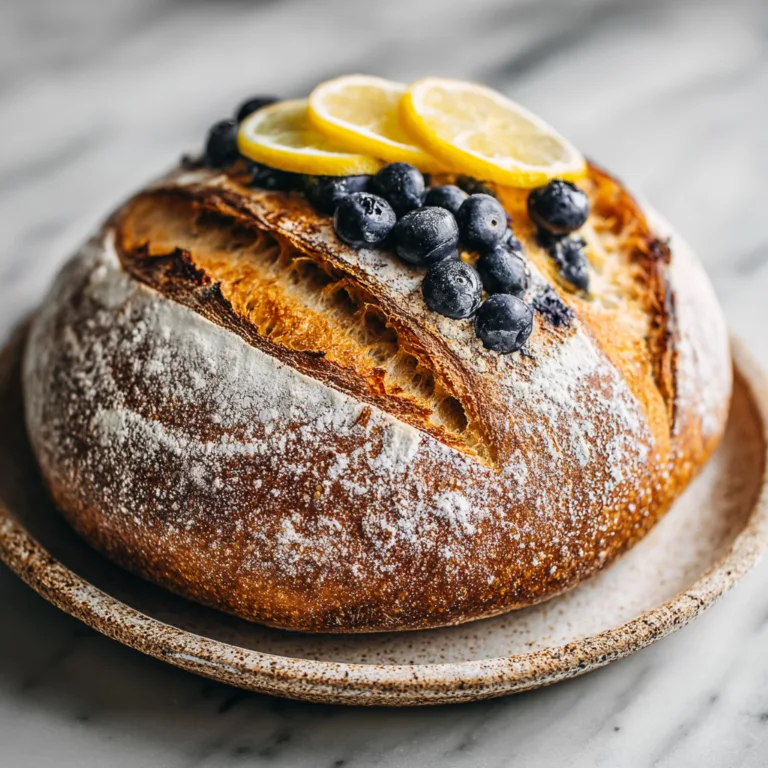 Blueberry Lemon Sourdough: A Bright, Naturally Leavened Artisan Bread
* * *
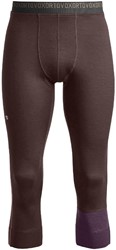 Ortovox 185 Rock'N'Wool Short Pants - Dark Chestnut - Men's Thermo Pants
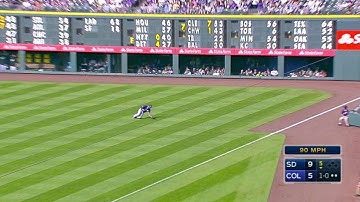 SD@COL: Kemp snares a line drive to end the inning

Problem: Only the lines starting at the one with "Ortovox 185 Rock'N'Wool" and ending at the one with "SD@COL: Kemp snares" should be printed, each exactly as it appears in the material above; the pictures are to be omitted.

Answer to the problem:
 Ortovox 185 Rock'N'Wool Short Pants - Dark Chestnut - Men's Thermo Pants
 SD@COL: Kemp snares a line drive to end the inning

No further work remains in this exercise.